Pads

Bill Clinton once said, "You can put wings on a pig, but you don't make it an eagle" Maxi-pad companies take heed. Your commercials showing winged-pads fluttering through a shower of hearts and butterflies while Nelly Furtado's "I'm Like a Bird" plays in the background are not making any young girl psyched to be wearing a diaper. Ah, the memories...

Thursday, March 31, 2005

All you got is this moment / Twenty-first century's yesterday

I was talking with a childhood friend the other day about our ultimate Pads songs. We were loving life in Malibu Musk and powder fresh Always in the late ‘80s so awesomely bad music like Paula Abdul’s “Forever Your Girl” and Phil Collins’ remake of “Groovy Kind of Love” quickly came to mind. But for me it’s hard to beat INXS’ “Need You Tonight” as the quintessential Pads tune. The opening beats of that song instantly transport me back to a humid junior high school gym in the Valley and 100 puberty-stricken girls lazily spacing themselves double arms distance apart, waiting for the “2-3-4” beat count from our P.E. teacher Mrs. Strongwater that signaled the beginning of the day’s aerobics class.

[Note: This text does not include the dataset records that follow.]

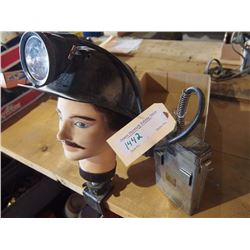 Fibre Glass Miners Helmet With Battery Head Lamp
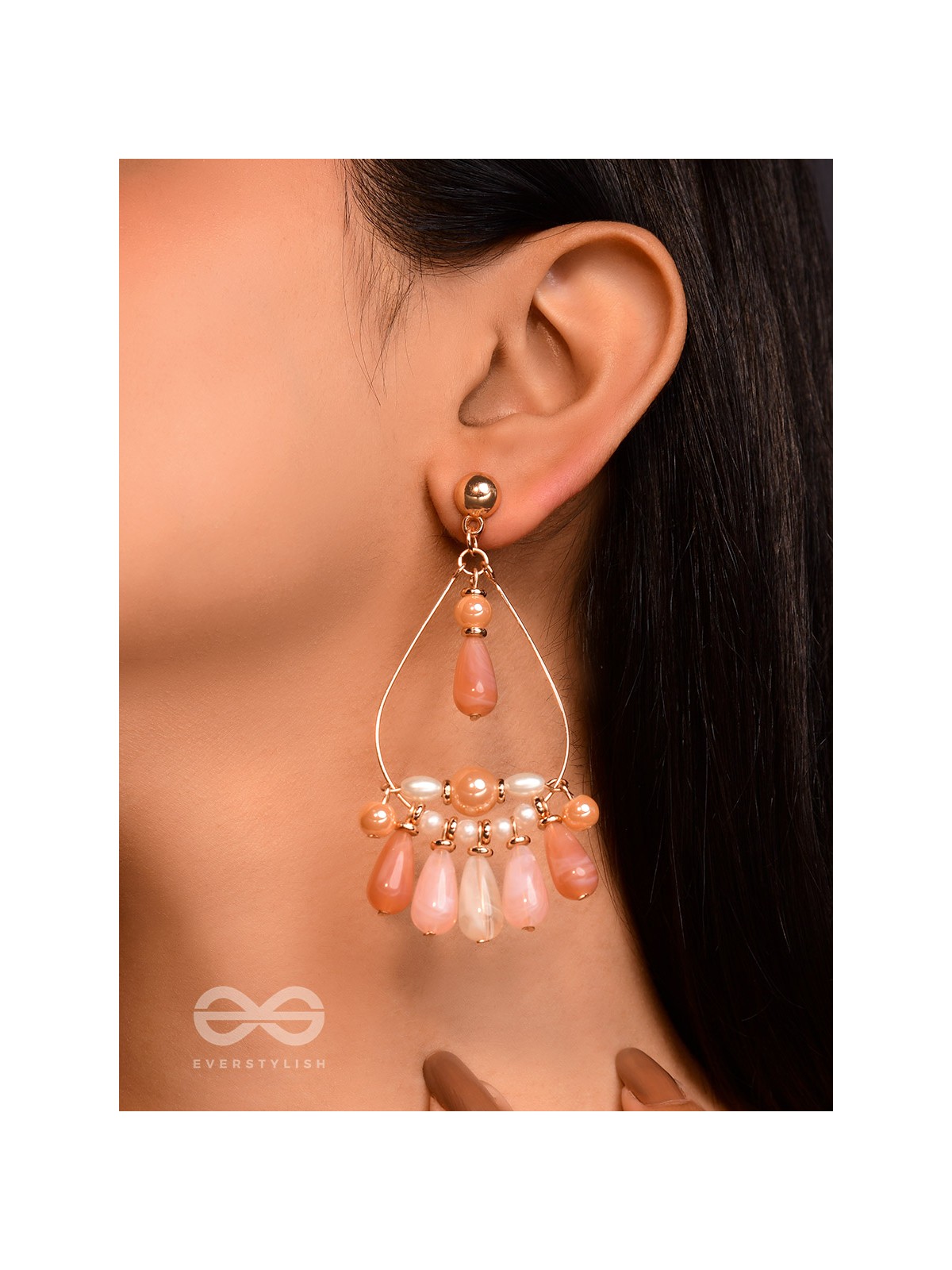 The Rose Shower- Golden Embellished Earrings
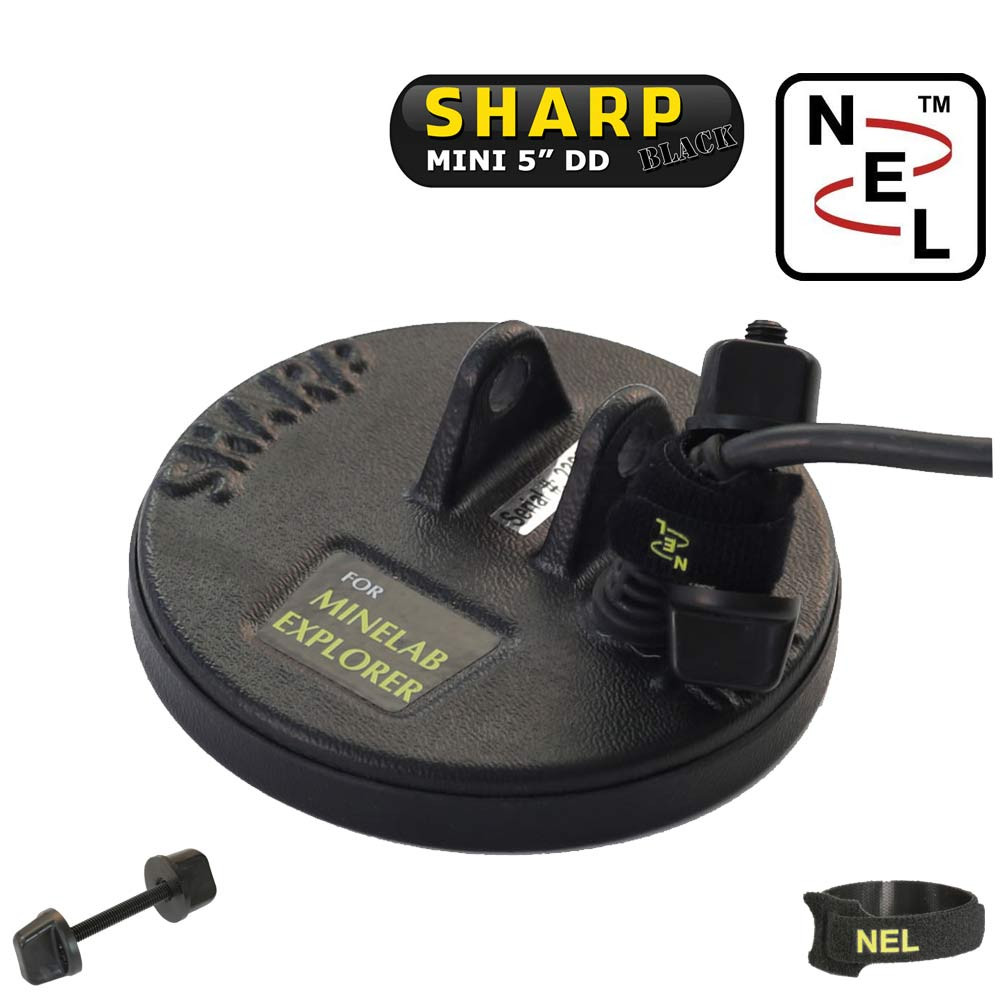 Disque NEL SHARP 12cm pour Garrett ACE 1 Disque de détection NEL Sharp 12cm DD Black avec vis de fixation et bande velcro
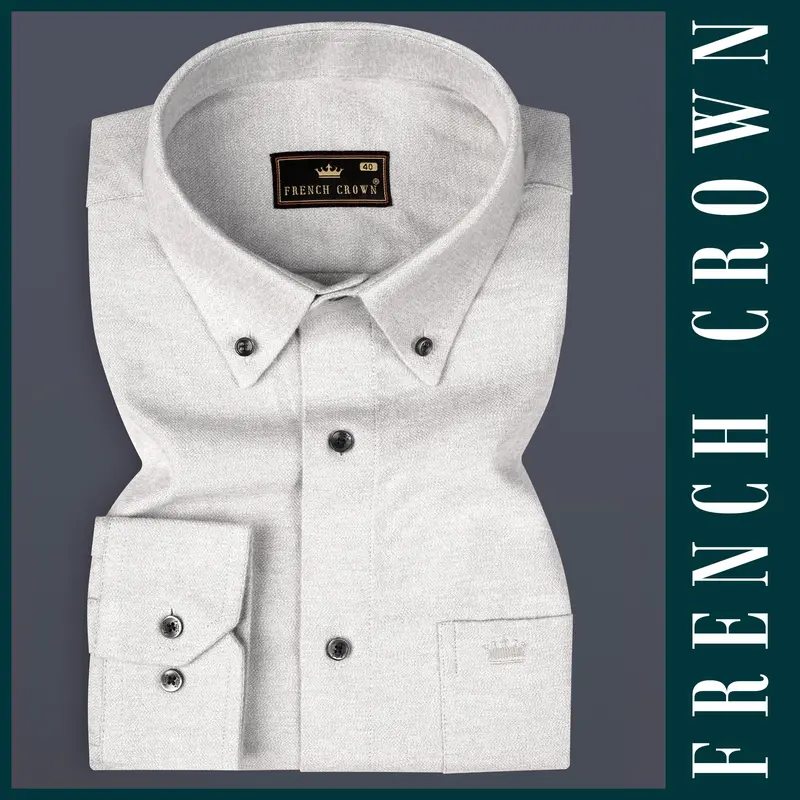 Iron Gray Solid Flannel Premium Cotton Shirt 6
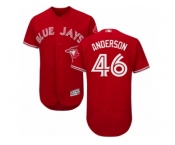 Toronto Blue Jays #46 Brett Anderson Scarlet Flexbase Authentic Collection Alternate MLB Jersey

It was during my 6th grade year when Mrs. Strongwater boldly sought to combine her interests in promoting heart health, wearing leotards and being down with the kiddies and choreographed a full-length 80’s-style aerobics routine to “Need You Tonight”. Three times a week thereafter, the girls of George Ellery Hale Jr. High School side-stepped, grapevined and generally schlepped our way through Mrs. Strongwater’s bland dance steps while Michael Hutchins’ insanely sexy voice snarled in the background, “There’s something about you girl / That makes me sweat.” (Get it? Aerobics…perspiration…Mrs. Strongwater was no dummy.)

“So slide over here” – take one step to the right and sliiiide your left foot over to meet your right foot– “And give me a moment” - clap once while standing in place – “Your moves are so raw” – step forward onto the ball of your right foot and swivel your hips in what your 6th grade mind imagines is a raw and sexy motion – “I’ve got to let you know" - lunge backward with your left leg while praying that the person behind you can't see the white (or worse, red!) outline of your pad peeking out through the leg hole of your too-short polyester gym shorts - " You're one of my kind."

And therein lies the rub. At the height of our Pads-induced freakishness, it didn’t seem possible that anyone was one of my kind. To my left was the gorgeous and popular eighth grader who seemed to especially enjoy taunting me during the step-spin-step sequences with her vastly superior carnal knowledge (“I bet you don’t even know what ‘cum’ is.”). To my right, the sullen Latina bad girl who would soon become infamous for tackling Mrs. Strongwater to the ground one day during aerobics and pummeling her with punches while the rest of us robotically continued to sliiiiiiiide over here and give me a moment.

Not to be too hippied-out or anything, but it doesn't seem like too much of a stretch to imagine that the universal experience of young girls getting their periods might serve as the basis for a broader sense of comraderie among us, some sort of affirmative alliance in the face of our burgeoning womanhood. Instead, that time in our lives is marred by such tremendous awkwardness and feelings of intense (and totally unnecessary) isolation. I blame it on the Pads and their fucking overhyped and ineffective dry weave. Although I suppose I could also blame it on Rick Astley. Did anything make you feel more creepy and self-conscious than listening to that guy on the radio (or worse, on a tape your Mom bought you for your birthday)?